L'ormai puntuale appuntamento con l'esondazione di quello che è a tutti gli effetti un torrente, coperto e "tombinato" gradualmente nei suoi tratti urbani dalla fine del XIX secolo e poi negli anni Cinquanta, trasforma la città più smart d'Italia, quella che viene definita da molti l'unica vera metropoli di respiro europeo del Paese, la città dell'Expo 2015, in una barzelletta. E, spiace dirlo, i protagonisti di questa barzelletta sono i politici che si sono alternati alla guida della città nel corso degli ultimi decenni, nessuno escluso.
Il Seveso (e anche il Lambro, che in parte sconta un destino uguale) sono un problema annoso della città, in parte dovuto a quella visione del mondo per cui l'uomo pensava (e pensa tuttora) di poter piegare ai suoi bisogni la natura, salvo poi trovarsi inerme quando la forza della natura gli si rivolta contro. Per salvare Milano dalle esondazioni un piano preciso esiste, è stato approvato e finanziato (nel 2015) ed è anche partito.

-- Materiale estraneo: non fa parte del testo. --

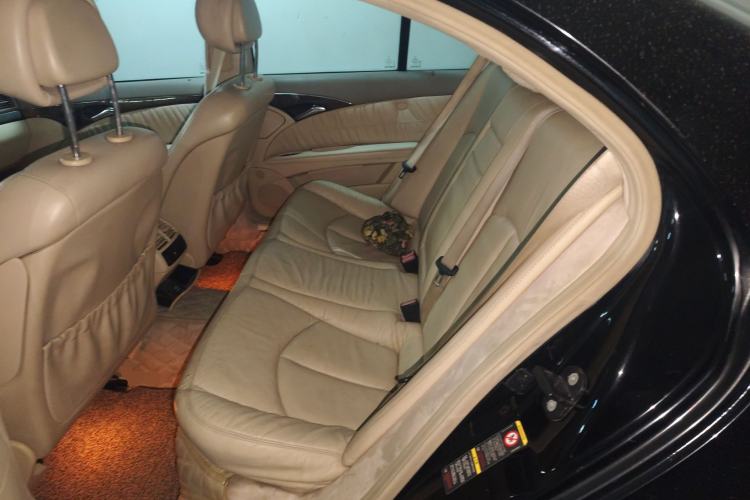 Used Mercedes-Benz E-Class 2005 E 280 Left Rear Seat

Solo di pochi giorni fa la notizia dello sblocco dei lavori anche per la vasca di laminazione al Parco Nord, uno dei bacini che, come un sistema di vasi comunicanti, dovrebbe finalmente consentire ai residenti di sei quartieri della città di non vivere costantemente con l'ansia di trovarsi cantine, box e auto allagate a ogni forte temporale, o di rischiare di rimanere intrappolati mentre attraversano un sottopassaggio.

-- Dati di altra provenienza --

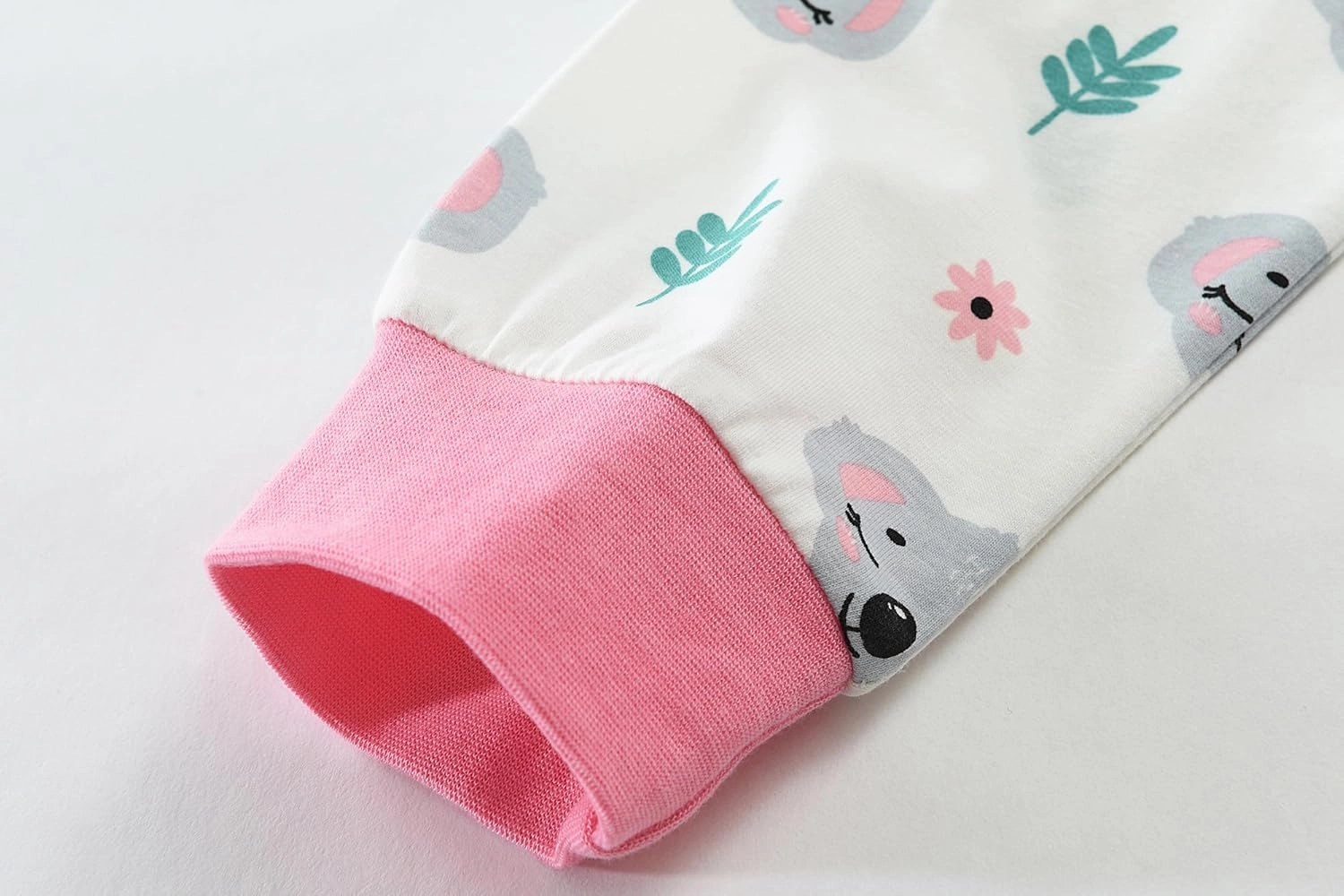 Little Hand Girls Dinosaur Pajamas Long Sleeve Unicorn Sleepwear Pajama Cute Princess Pjs for Toddler Clothes 2-7 Years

Da un lato questo sblocco può essere considerato finalmente un segno concreto della volontà politica di risolvere la questione, dall'altro però la fine dei lavori è prevista per il 2022: un orizzonte temporale ancora troppo lontano per chi attende da decenni una soluzione e teme sempre che, come avviene a Milano (ma in generale in Italia), un ricorso (anche di un condominio, perché "Not in my back yard"), il fallimento di un'impresa, la corruzione, il malaffare, possano fare andare storto qualcosa. Quindi, almeno fino al 2022 (e incrociando le dita) tocca restare consapevoli di vivere in una città barzelletta, per quanto riguarda la questione Seveso. E i politici che intendono speculare su questo problema a fini elettorali è bene che siano consapevoli di una cosa: possono agitare le acque quando non sono al governo, ma l'onda di piena, se non si risolve la vicenda, prima o poi gli ritornerà addosso.